In C, we use struct to bundle data together. However, the data is completely open—anyone can modify any field at any time, often leading to bugs (e.g., changing a buffer index without checking bounds).

In C++, a Class is an extension of a struct that adds Encapsulation. It bundles data (variables) and logic (functions) together, and uses Access Specifiers (private, public) to control who can see or touch that data.

Note: In C++, the only technical difference between a struct and a class is that members are public by default in a struct, and private by default in a class.

Syntax & Usage

1. Basic Declaration

Grouping hardware register definitions and the functions that use them into a single unit.

class Motor {
private:
    // Only functions inside this class can access these variables.
    // This protects the hardware state from accidental corruption.
    int pwm_pin;
    int speed; 

public:
    // The "Public API" - The rest of the code uses these functions.
    
    // Constructor (Initializes the object)
    Motor(int pin) {
        pwm_pin = pin;
        speed = 0;
        // Hardware init logic...
    }

    void setSpeed(int s) {
        if (s > 100) s = 100; // Safety check (Invariant)
        if (s < 0) s = 0;
        speed = s;
        // Apply to hardware...
    }
};

2. Usage

int main() {
    Motor m1(9);      // Create object 'm1' on pin 9

    m1.setSpeed(50);  // ✅ OK: Accessing public function
    
    // m1.speed = 200; // ❌ Error: 'speed' is private
}

Struct vs. Class (Memory Layout)

Feature	C struct	C++ class
Data Access	Public (Open to everyone).	Controlled (`private`/`public`).
Logic	Functions are separate.	Functions are members.
Memory	Sum of members (+ padding).	Identical (Sum of members + padding).
Overhead	None.	Zero (unless Virtual Functions are used).
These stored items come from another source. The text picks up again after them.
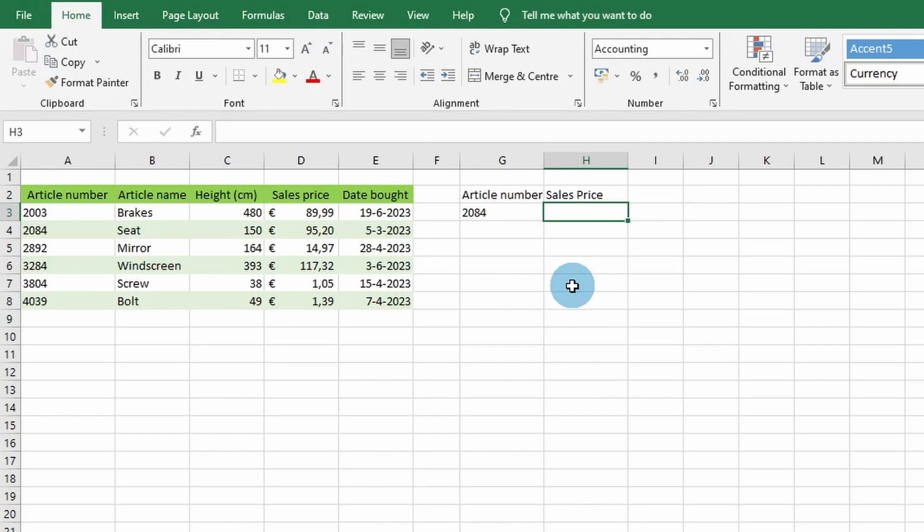Hello everyone and welcome back to our channel. The VLOOKUP function is one of Excel's most powerful functions and my personal favorite.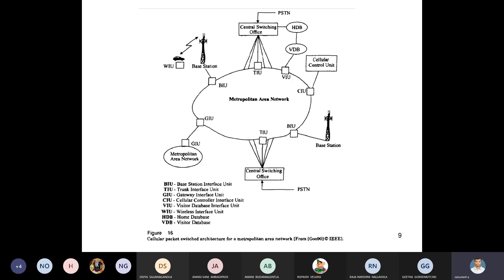In this ring structure the components are: BIU (Base Station Interface Unit), which is connected to cellular base stations; TIU (Trunk Interface Unit), which is connected to PSDN networks such as LAN telephones; CIU (Gateway Interface Unit), which connects the MSC to this network and connects to another metropolitan area network; WIU (Wireless Interface Unit), which is the wireless connection from your mobile phone to the base station; HDB (Home Database); and VDB (Visitor Database).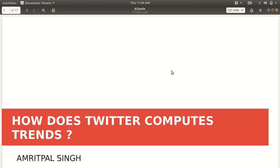Hello everyone, welcome to the fourth video of Apache Storm. In this video I'll be discussing one of the use cases of Apache Storm for real-time analytics. I have already mentioned in the first video the different use cases of Apache Storm. So one of the predominant use cases is how Apache Storm can be used for real-time analytics. The best use case I've taken for today's video is Twitter. The title is: how does Twitter compute trends and what role Apache Storm plays in it.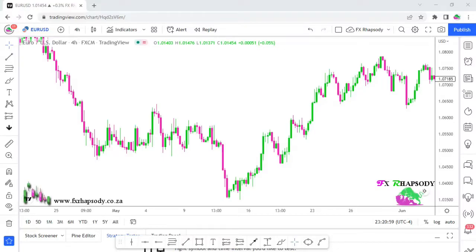Welcome back to FX Rhapsody. Today we're looking at price action — three simple, easy rules when it comes to price action trading.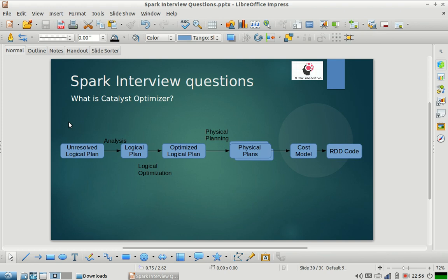A logical plan is not in a form that can be readily executed, but if you get a resolved logical plan it means you have something that can be executed on the Spark engine. Once you get a resolved logical plan, there are a lot of heuristics and rules that are executed on that logical plan to perform logical optimization. After those rules are applied, what you get is an optimized logical plan, which is then converted into a physical plan.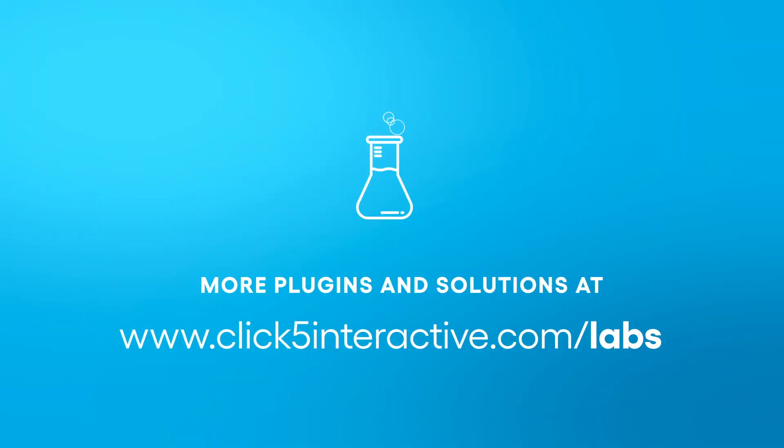We hope our sitemap plugin will help your site. If you're interested in our other solutions, please visit click5interactive.com slash labs.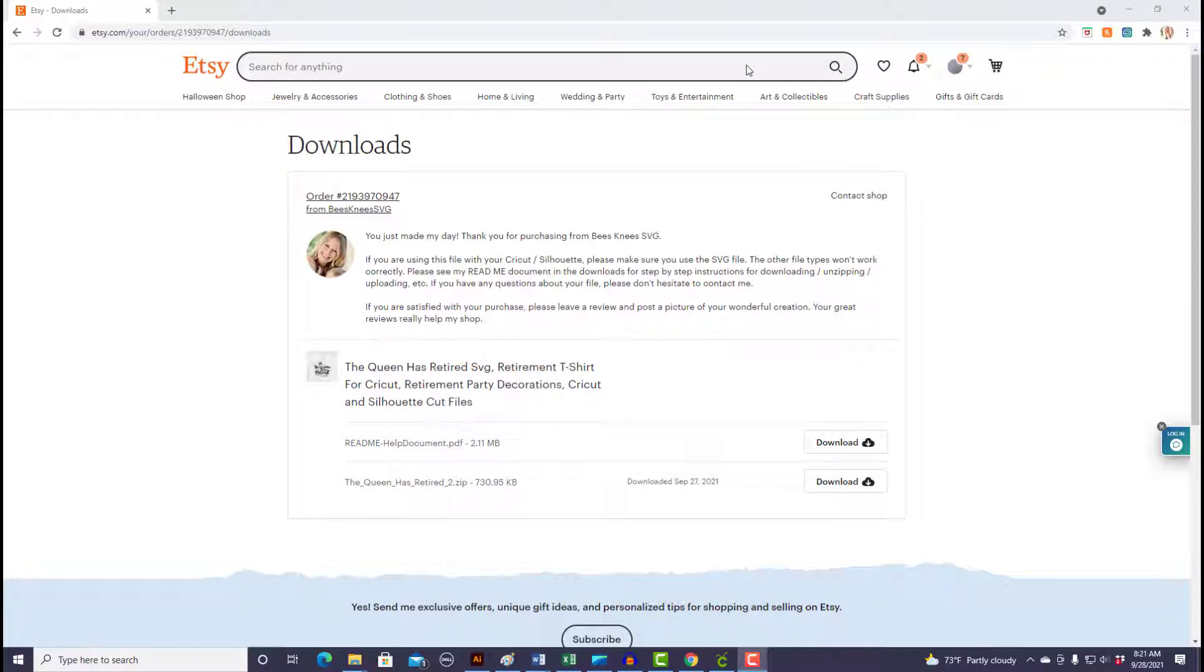Hi, in today's tutorial I'm going to walk you through how to extract, save, and upload into Cricut your digital download purchased from Etsy using your PC.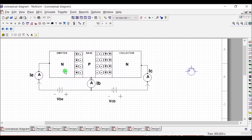Here is an NPN transistor conceptual diagram. This is the emitter region, this is the base region, and this is the collector region.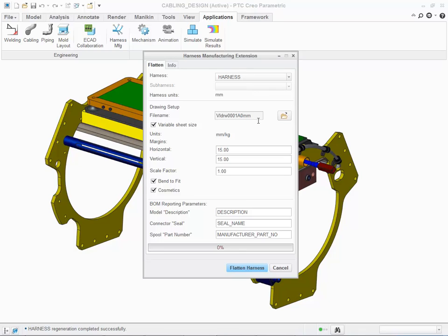Choose this drawing template. Choose variable sheet size if you'd like the flattened harness, all the tables and a 3D view to be on a single sheet.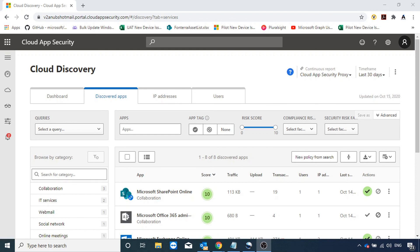So this was a small video on how to view what apps are being used in our organization, see their security score, and how to block those apps. I hope you liked it, please like and subscribe to my channel and I will see you in my next video. Bye.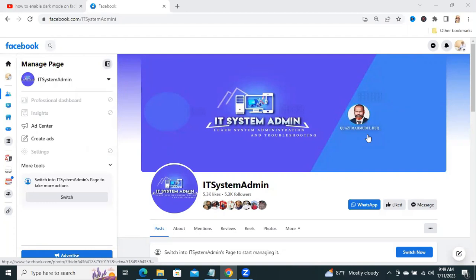Hello viewers, this is IT System Admin and Information Technology Learning Tutorial channel for you.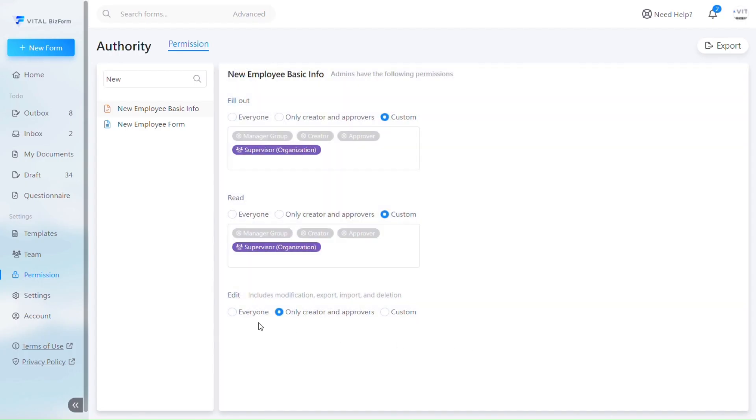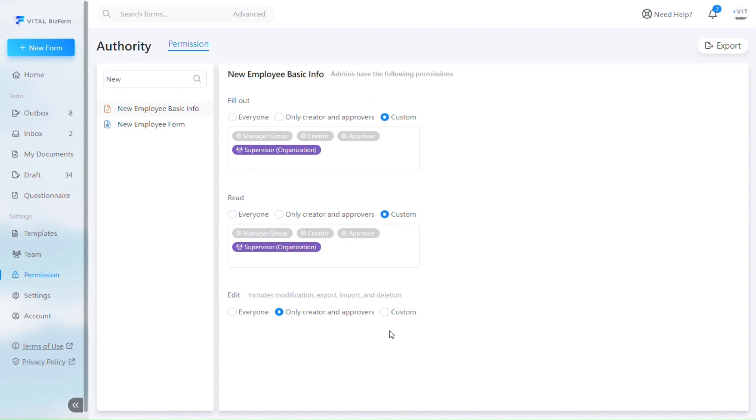The last option is to set who can edit this form, including everyone, only creators and approvers, or a custom list. With this setting, even if someone is not the original form filler, they can still edit or comment on the form. It is important to note that if the form is a form with review process, only supervisors can edit it.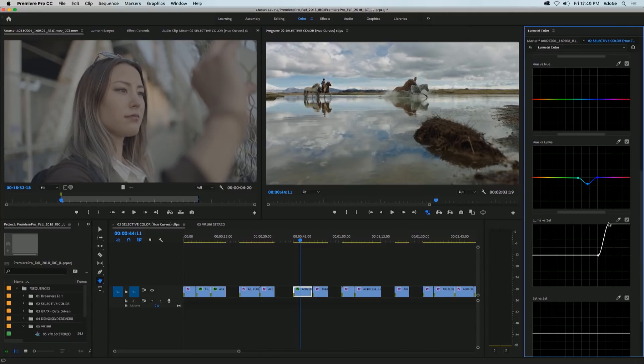And lastly, there's saturation versus saturation. And Patrick Palmer from the Adobe team refers to this as kind of acting like vibrancy. This will allow you to select a color in your image and allow you to boost the saturation or reduce the saturation of that particular color's saturation.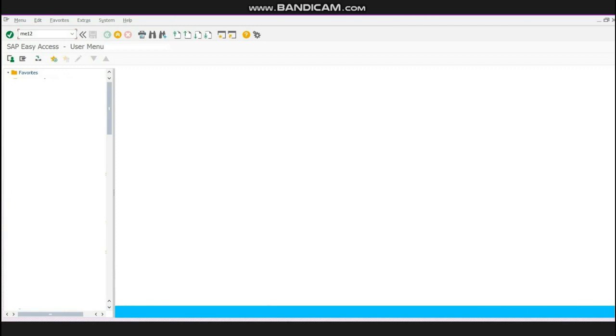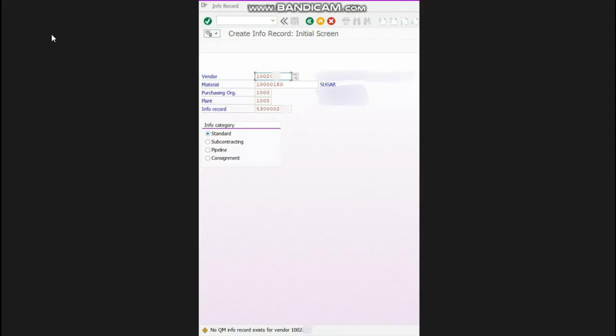Press enter. This screen will appear. Now you will enter vendor, material, purchase organization, and plant - these four things - and press enter.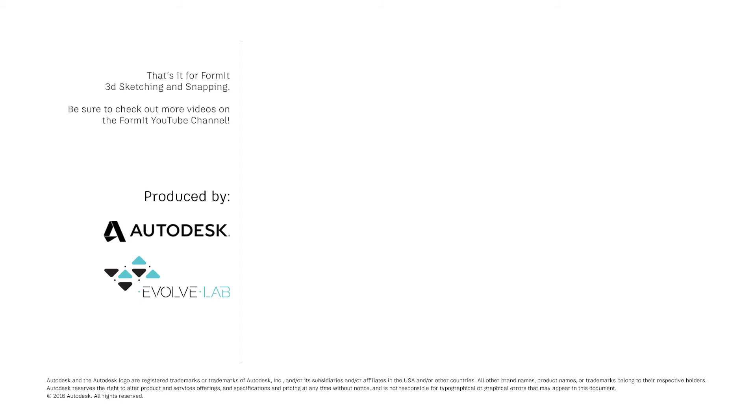And that's it for FormIt 3D sketching and snapping. Be sure to check out more videos on the FormIt YouTube channel.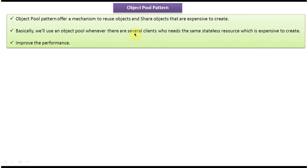Hi, today I will cover the object pool design pattern. First we will see the explanation of the object pool design pattern.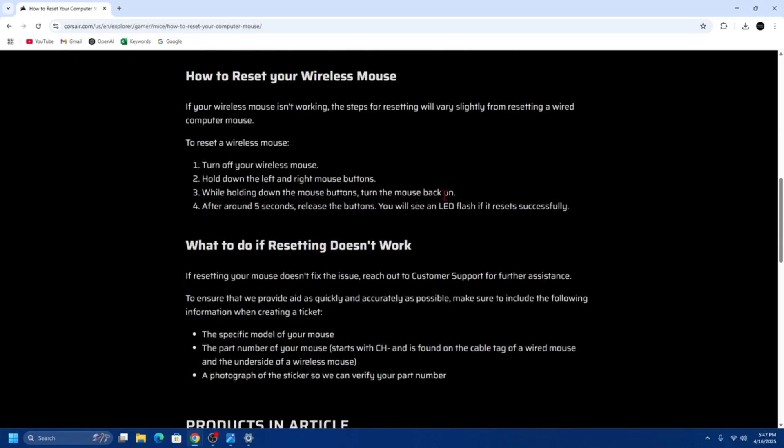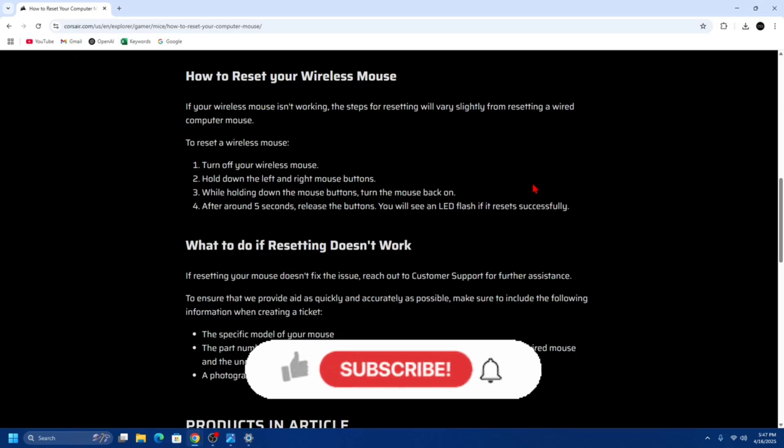First, turn off the mouse using the power switch on the bottom. Hold down both the left and right mouse buttons, and while holding them, turn the mouse back on. Continue holding the buttons for about five seconds, then release them. An LED flash indicates a successful reset.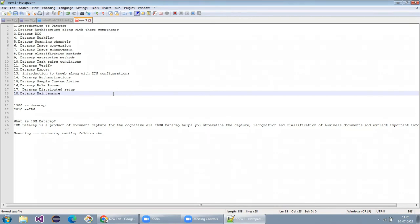Once you're comfortable, we'll go in-depth into what DataCap actually does, how the out-of-the-box applications work, and how it works in real-time banking.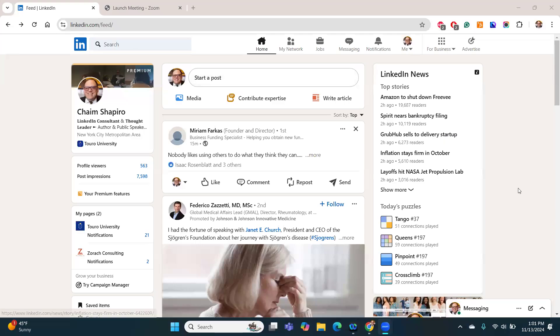Hello, this is Chaim Shapiro from Terry University. Here's how you save jobs that you find on LinkedIn to apply to later. Now, why would you do this? Let's say you're like me, you're on the train, you see a great job opening.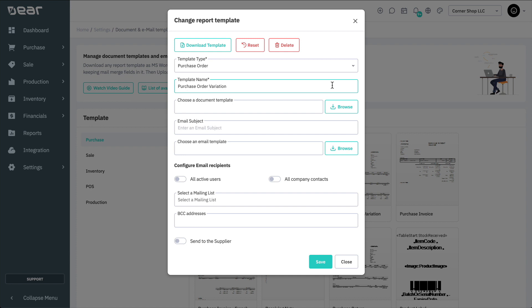Also, you have the option to browse and upload a previously saved template document on your computer, as well as previously saved email templates.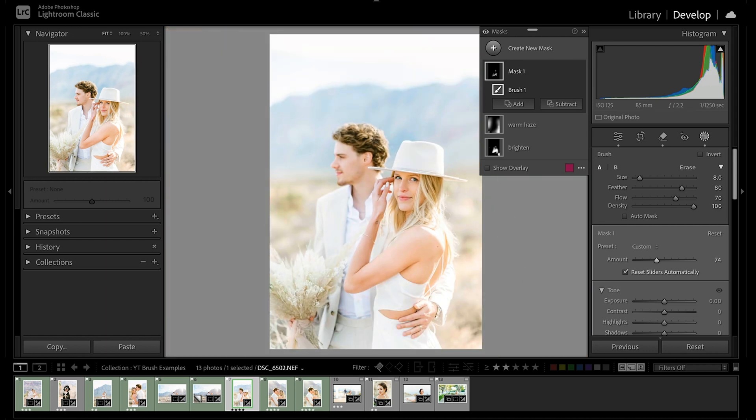So I hope you enjoyed this overview of the brush tool. It's one of my absolute favorites. If you want to check out my Lightroom brushes and steal them to use on your own photos, I've linked it up in the description below.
Relevance in Embedded/Firmware

1. Hardware Driver Encapsulation

This is the most important use case. You can hide the ugly, complex hardware register pointers inside the private section.

The Application Developer (User) just sees uart.init() and uart.send(). They don't need to know (and shouldn't touch) the UART->CR1 register directly.

2. Maintaining Invariants

An Invariant is a rule that must always be true (e.g., "Buffer index must never exceed 64").

If you use a C struct, a user can write buf.index = 100; and crash the system.

With a C++ class, you make index private. The user must call buf.advance(), which internally checks if (index < 64). This guarantees the system acts predictably.

3. Multiple Instances

In C, writing a driver that supports 3 UARTs often requires passing a context pointer (UART_Handle_t*) to every function.

In C++, you simply create 3 objects: UART u1, u2, u3;. The compiler handles the context (this pointer) automatically, making code cleaner.

Common Pitfalls (Practical Tips)

Pitfall	Details
❌ The "Size" Myth	Beginners fear classes use more RAM. A class with two `int`s takes exactly 8 bytes, just like a struct with two `int`s. There is no hidden metadata unless you use `virtual` functions.
❌ Getters/Setters Bloat	Don't blindly make everything private and add `getX()`/`setX()` for every variable. That defeats the purpose. Only expose what the user needs to do their job.
❌ Public Data	Avoid public member variables (e.g., `public: int data;`). If the user writes `obj.data = 0;`, your class doesn't know it changed, so it can't update dependent hardware states.
✅ Structs for Data	Use `struct` for simple data containers (like a data packet or coordinate) where all fields are effectively public. Use `class` for objects that do things (Drivers, Managers).